America is a land of choices. In India you go to a store, ask the guy there to give you a kilo of chicken, and he hands you a bag of the stuff that you go home and cook it. That doesn't work in America. In the land of the choices, you're faced with breasts, thighs, legs, wings, portions, skinless, boneless, ground, fry, stir-fry, roast, antibiotic, biotic, organic, free range (there's a rumour the average American has to pass an exam before he or she is allowed near the poultry aisle). So which one is the one to choose?
Fear not, I have been there, done that research. Read on, if you're not chicken.
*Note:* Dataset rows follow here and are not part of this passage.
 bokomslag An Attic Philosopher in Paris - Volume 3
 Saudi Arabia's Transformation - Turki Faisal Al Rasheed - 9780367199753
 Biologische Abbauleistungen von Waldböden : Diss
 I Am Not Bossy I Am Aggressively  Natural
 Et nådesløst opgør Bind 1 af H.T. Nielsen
First, if you dont know what cut of chicken is, then here is a guide from the original Spam guys. Online grocer FreshDirect has an excellent section on cuts of chicken complete with pictures but you have to put in a New York zip code (say 10016) to look at it.
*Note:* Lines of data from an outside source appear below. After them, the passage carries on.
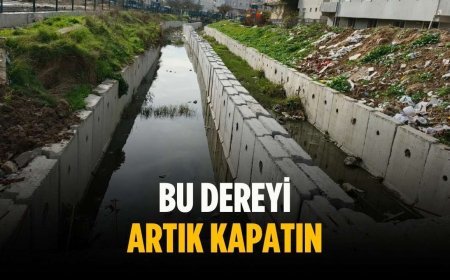 “Bu dereyi artık kapatın”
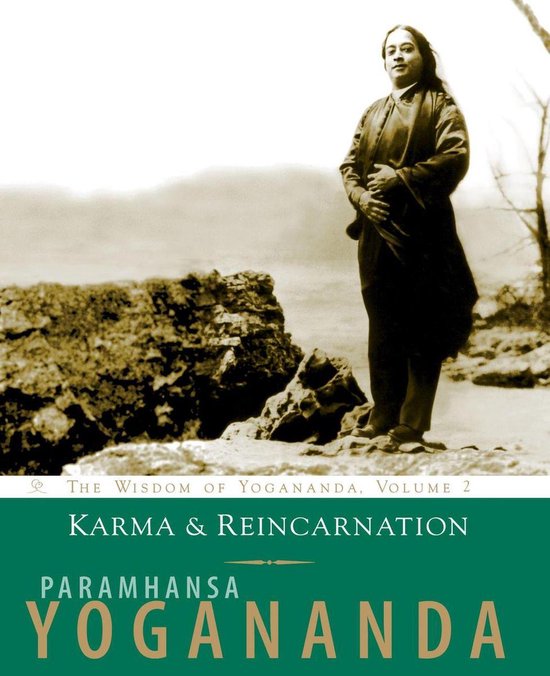 The Wisdom of Yogananda 2 - Karma and Reincarnation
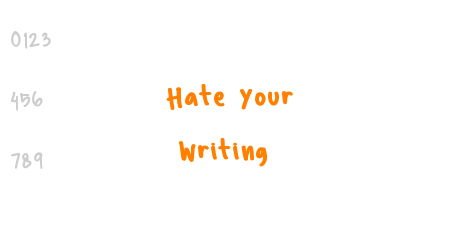 Hate Your Writing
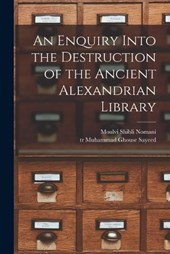 An Enquiry Into the Destruction of the Ancient Alexandrian Library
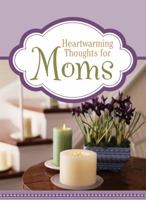 Heartwarming Thoughts for Moms 1602608237 Book Cover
The absolute worst pieces to buy for most Indian food is breast. It is commonly recommended for western cooking, but in most Indian curries will turn dry and chewy. The problem is simple - breasts cook very quickly and can't stand up to the long slow cooking of the average Indian curry. No,my favorite part of the chicken is the thigh for the average Indian curry. A mixture of skinless and with-skin thighs on the bone give an excellent package of meat, skin and bone that is just right for most curries. The pieces from a grocer are usually too big though; I cut them up into smaller bite-sized bits. Thighs have a fat bone in the center - if you dont want to cut through the bone (you really need a cleaver for that or you'll get splinters and a damaged knife) then you can cut around it leaving you with four pieces one of which is still attached to the bone. You can even do four boneless pieces and a standalone bone that you discard after cooking.
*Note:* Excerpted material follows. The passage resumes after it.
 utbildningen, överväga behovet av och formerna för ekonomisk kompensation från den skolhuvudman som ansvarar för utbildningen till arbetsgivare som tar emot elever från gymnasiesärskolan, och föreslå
The other cut that does well is the mixed portion, containing bits of everything. Choose the mixed portions with bone and skin, but throw away most of the skin since chickens here tend to be higher fat than India. American grocers seem to sell larger chunks than Indians usually like, so I cut the portions into bite-sized pieces. Wings (specially half wings and lollipops) cook very nicely in an Indian curry. They're nice juicy bits rich in fat but dont overdo it - many people find it irritating to eat only wings. Legs - they're just too big; they do fine only if you have the patience to chop them up. Drumsticks are often too big too (since the average chicken here is much bigger than its Indian cousin), but the occassionally available smaller drumsticks are very nice. Of course, you can buy whole chicken and cut it up yourself. Buy birds that are two pounds or less and avoid the roaster at all costs (unless actually roasting). Places like Costco sell surprisingly good whole chickens, and they're a whole lot cheaper if making large quantities. If you're worried about cutting them, well whole chickens can be pieced with nothing more than a good chef's knife, as shown here and here. These do it the western way, where the carcass is rejected. In India they don't usually do that but except for special cuts for certain recipes, there is no benefit to retaining the carcass. Just don't remove every bone; bones add volume and taste to the gravy.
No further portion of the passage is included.